TASK INSTRUCTIONS: Transcribe every line below exactly; no image goes into the output.

= = =

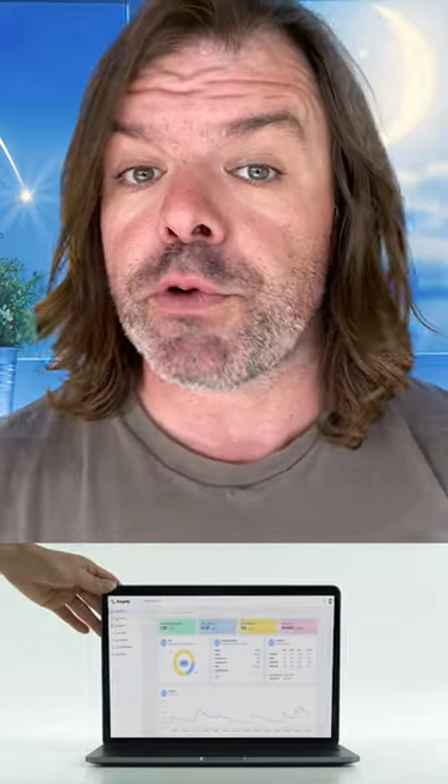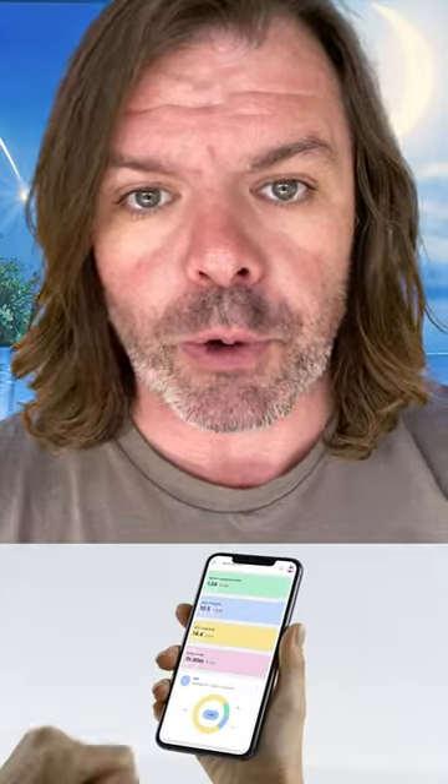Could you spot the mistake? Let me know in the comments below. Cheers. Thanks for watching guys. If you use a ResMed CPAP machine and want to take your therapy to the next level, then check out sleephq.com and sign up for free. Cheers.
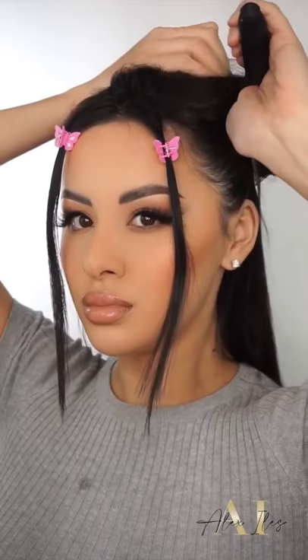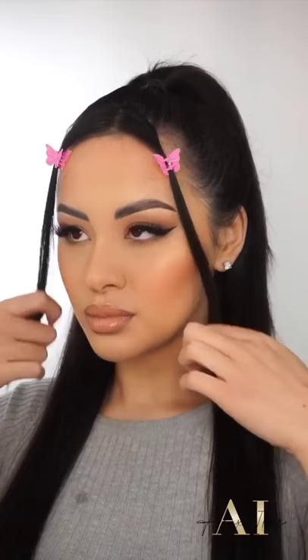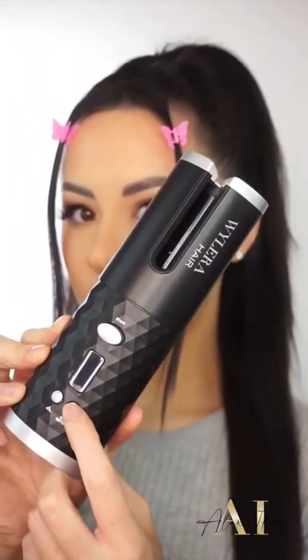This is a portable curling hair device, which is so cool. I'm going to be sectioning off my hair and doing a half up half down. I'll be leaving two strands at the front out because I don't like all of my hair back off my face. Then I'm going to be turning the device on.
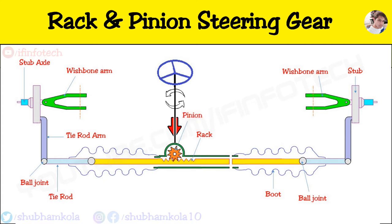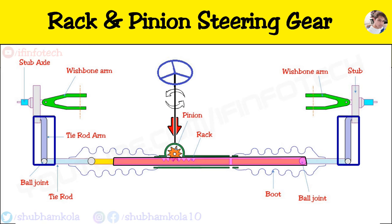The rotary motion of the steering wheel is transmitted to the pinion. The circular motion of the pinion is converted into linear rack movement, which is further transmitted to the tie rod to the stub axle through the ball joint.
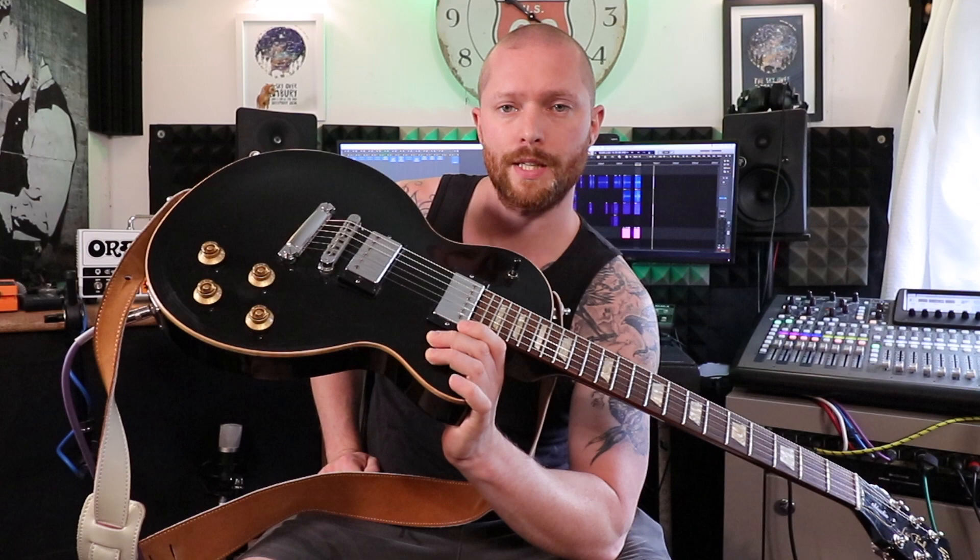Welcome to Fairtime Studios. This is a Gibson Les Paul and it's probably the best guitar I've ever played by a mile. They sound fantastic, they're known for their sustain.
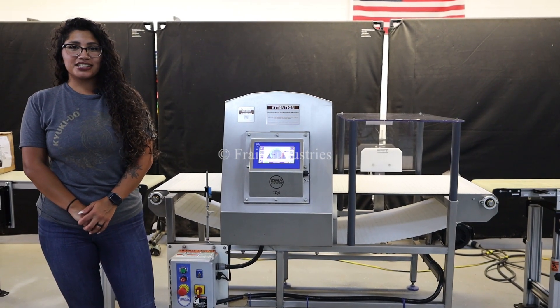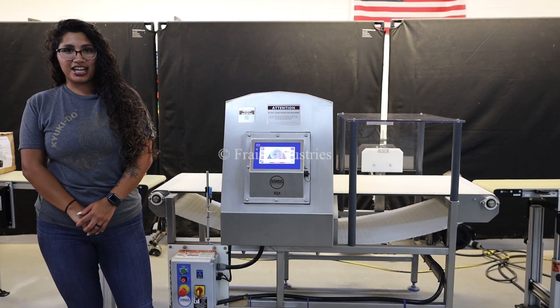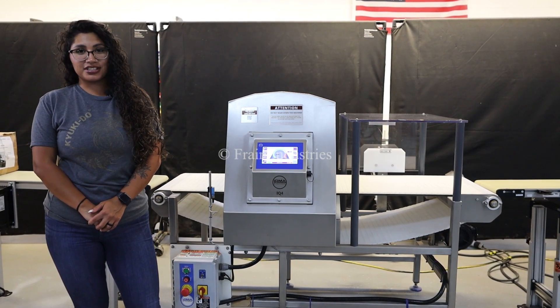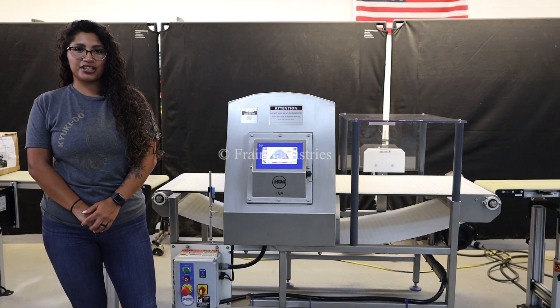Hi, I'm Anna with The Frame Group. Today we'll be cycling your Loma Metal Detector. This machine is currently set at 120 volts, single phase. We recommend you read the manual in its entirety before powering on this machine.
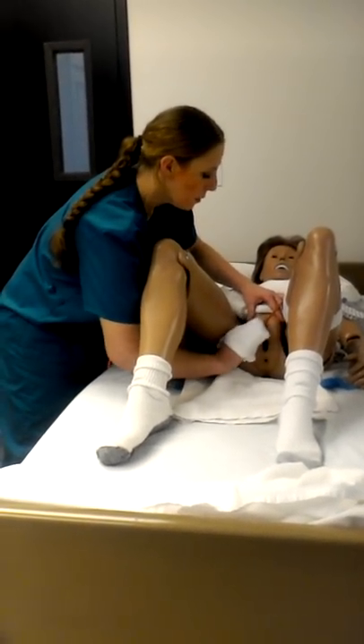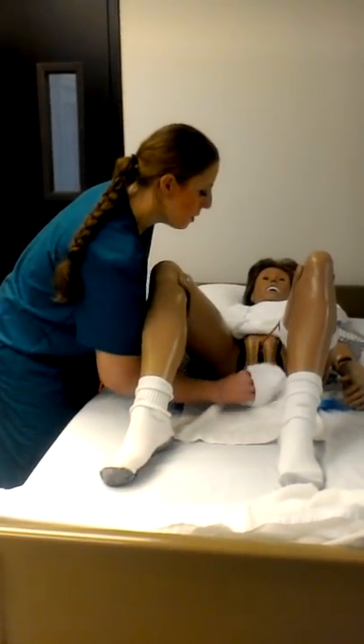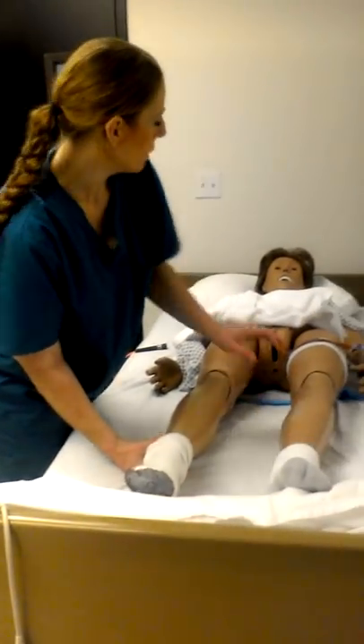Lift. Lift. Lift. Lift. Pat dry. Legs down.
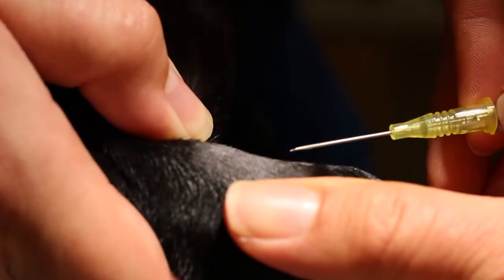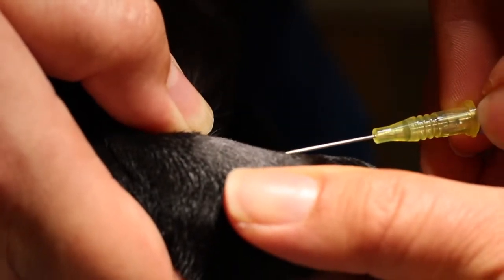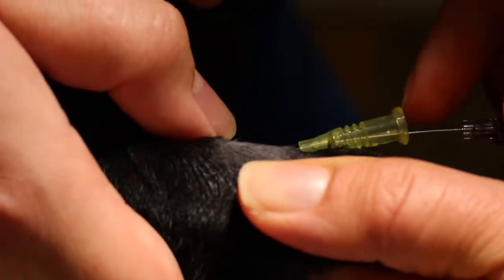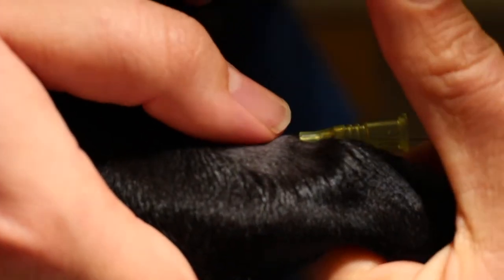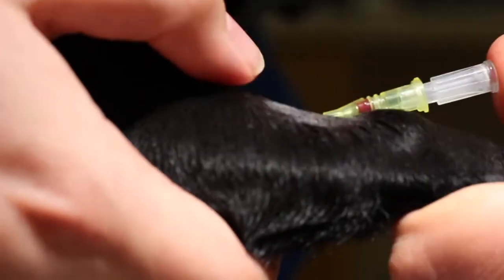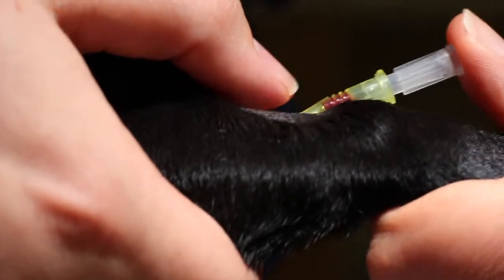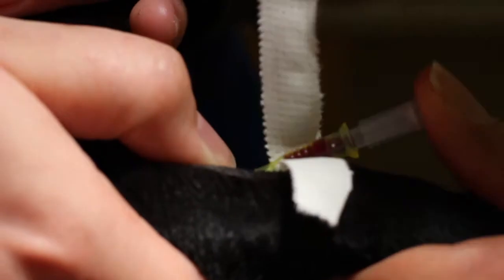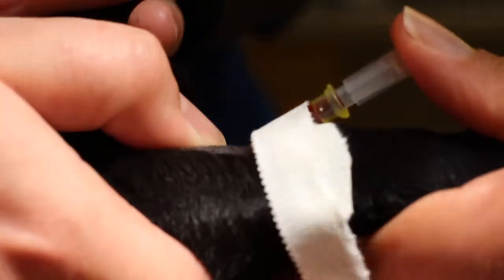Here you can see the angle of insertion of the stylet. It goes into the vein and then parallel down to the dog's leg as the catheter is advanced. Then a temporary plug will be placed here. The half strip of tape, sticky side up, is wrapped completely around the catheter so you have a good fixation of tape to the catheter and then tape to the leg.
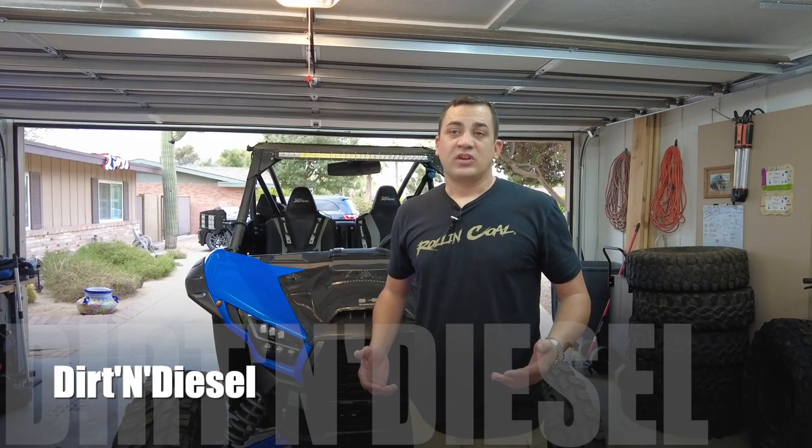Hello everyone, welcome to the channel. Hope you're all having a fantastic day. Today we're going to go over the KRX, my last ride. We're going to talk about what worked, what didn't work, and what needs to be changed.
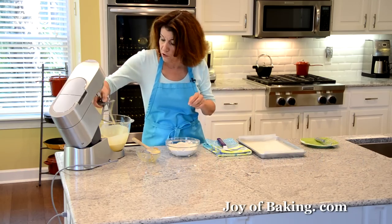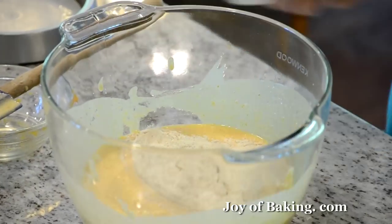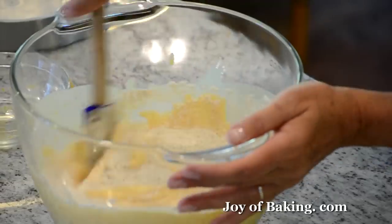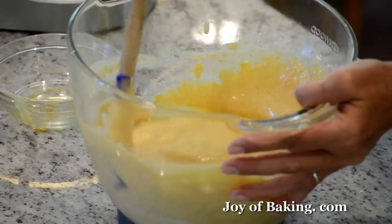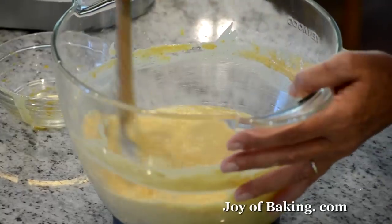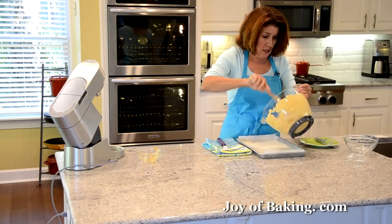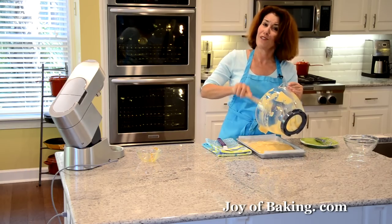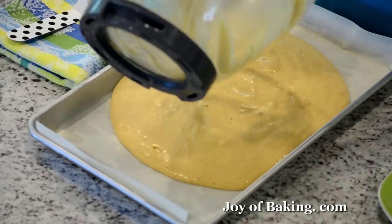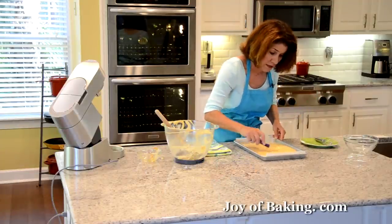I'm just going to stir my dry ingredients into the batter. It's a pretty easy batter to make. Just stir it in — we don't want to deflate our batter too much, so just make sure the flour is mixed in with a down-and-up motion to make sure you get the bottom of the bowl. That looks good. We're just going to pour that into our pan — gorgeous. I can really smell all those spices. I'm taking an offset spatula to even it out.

= = =

RESPONSE BOX:
Could you spot the mistake? Let me know in the comments below. Cheers. Thanks for watching guys. If you use a ResMed CPAP machine and want to take your therapy to the next level, then check out sleephq.com and sign up for free. Cheers.
This is a portable curling hair device, which is so cool. I'm going to be sectioning off my hair and doing a half up half down. I'll be leaving two strands at the front out because I don't like all of my hair back off my face. Then I'm going to be turning the device on.
The rotary motion of the steering wheel is transmitted to the pinion. The circular motion of the pinion is converted into linear rack movement, which is further transmitted to the tie rod to the stub axle through the ball joint.
Welcome to Fairtime Studios. This is a Gibson Les Paul and it's probably the best guitar I've ever played by a mile. They sound fantastic, they're known for their sustain.
Hi, I'm Anna with The Frame Group. Today we'll be cycling your Loma Metal Detector. This machine is currently set at 120 volts, single phase. We recommend you read the manual in its entirety before powering on this machine.
Lift. Lift. Lift. Lift. Pat dry. Legs down.
Here you can see the angle of insertion of the stylet. It goes into the vein and then parallel down to the dog's leg as the catheter is advanced. Then a temporary plug will be placed here. The half strip of tape, sticky side up, is wrapped completely around the catheter so you have a good fixation of tape to the catheter and then tape to the leg.
Hello everyone, welcome to the channel. Hope you're all having a fantastic day. Today we're going to go over the KRX, my last ride. We're going to talk about what worked, what didn't work, and what needs to be changed.
I'm just going to stir my dry ingredients into the batter. It's a pretty easy batter to make. Just stir it in — we don't want to deflate our batter too much, so just make sure the flour is mixed in with a down-and-up motion to make sure you get the bottom of the bowl. That looks good. We're just going to pour that into our pan — gorgeous. I can really smell all those spices. I'm taking an offset spatula to even it out.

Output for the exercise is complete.